Flavorful Southern Fried Chicken
The recipe Flavorful Southern Fried Chicken could satisfy your Southern craving in around 40 minutes. This recipe covers 24% of your daily requirements of vitamins and minerals. This recipe makes 4 servings with 511 calories, 34g of protein, and 20g of fat each. It works well as a rather inexpensive main course. Head to the store and pick up salt, poultry seasoning, milk, and a few other things to make it today. To use up the pepper you could follow this main course with the Easy Peppermint Dessert as a dessert. Fried chicken with beer is fabulous, Flavorful Southern Collard Greens, and Best Southern Fried Chicken.
Instructions
In a large plastic bag, combine the flour, Parmesan cheese, bread crumbs, poultry seasoning, onion powder, garlic powder, salt and pepper. Shake to mix.
Heat the oil in a large skillet over medium heat until a drop of water evaporates immediately. Dip one piece of chicken at a time into the milk, and then place in the bag with the coating. Shake until fully coated.
Place in the frying pan, and continue with remaining chicken.
Cook until the edges are browned, then flip and cook until browned on the other side. If some chicken is done sooner, keep on a paper towel lined plate in a warm oven, so that the chicken is all still warm at serving time.
Recommended wine: Riesling, Sparkling Wine, Zinfandel
Southern works really well with Riesling, Sparkling Wine, and Zinfandel. In general, there are a few rules that will help you pair wine with southern food. Food-friendly riesling or sparkling white wine will work with many fried foods, while zinfandel is great with barbecued fare. The Von Winning Winnings Riesling with a 4 out of 5 star rating seems like a good match. It costs about 20 dollars per bottle.

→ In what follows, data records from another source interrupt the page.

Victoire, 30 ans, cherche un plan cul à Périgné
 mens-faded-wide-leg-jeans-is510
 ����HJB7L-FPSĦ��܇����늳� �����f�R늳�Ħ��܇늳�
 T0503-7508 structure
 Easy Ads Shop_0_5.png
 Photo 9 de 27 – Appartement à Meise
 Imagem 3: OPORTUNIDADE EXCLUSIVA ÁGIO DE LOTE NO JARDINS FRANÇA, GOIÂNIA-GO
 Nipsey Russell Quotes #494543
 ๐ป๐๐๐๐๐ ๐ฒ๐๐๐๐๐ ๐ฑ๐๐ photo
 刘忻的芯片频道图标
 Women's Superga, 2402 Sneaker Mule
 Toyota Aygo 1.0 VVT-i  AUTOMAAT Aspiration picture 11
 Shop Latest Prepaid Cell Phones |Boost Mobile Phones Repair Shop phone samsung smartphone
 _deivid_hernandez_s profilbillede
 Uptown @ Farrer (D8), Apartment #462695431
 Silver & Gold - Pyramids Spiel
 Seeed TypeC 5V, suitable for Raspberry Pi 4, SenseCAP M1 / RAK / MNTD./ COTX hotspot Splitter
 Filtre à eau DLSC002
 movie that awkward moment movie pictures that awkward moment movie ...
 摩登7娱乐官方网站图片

![Von Winning Winnings Riesling]()
Von Winning Winnings Riesling
If you loved the 2014 — and if you didn't, we need to send out a search party for your heart — you’ll find this one happy, happy, happy. Stronger than '14, it's also both drier and richer. And that’s as it should be; the pittance of sweetness it contains will rise and fall with the structure of each year's wine, because that's what sensible vintners do. The others just set up a formula and the wine"“has—XY— grams of sugar and zat's zat." Not Winnings Riesling. This will always be teasingly dry and teasingly sweet so you’ll keep changing your mind ("Wait, it's a dry wine, no, it's a sweet wine, no wait, it's a dry wine again….") while the bottle empties faster than you could have imagined.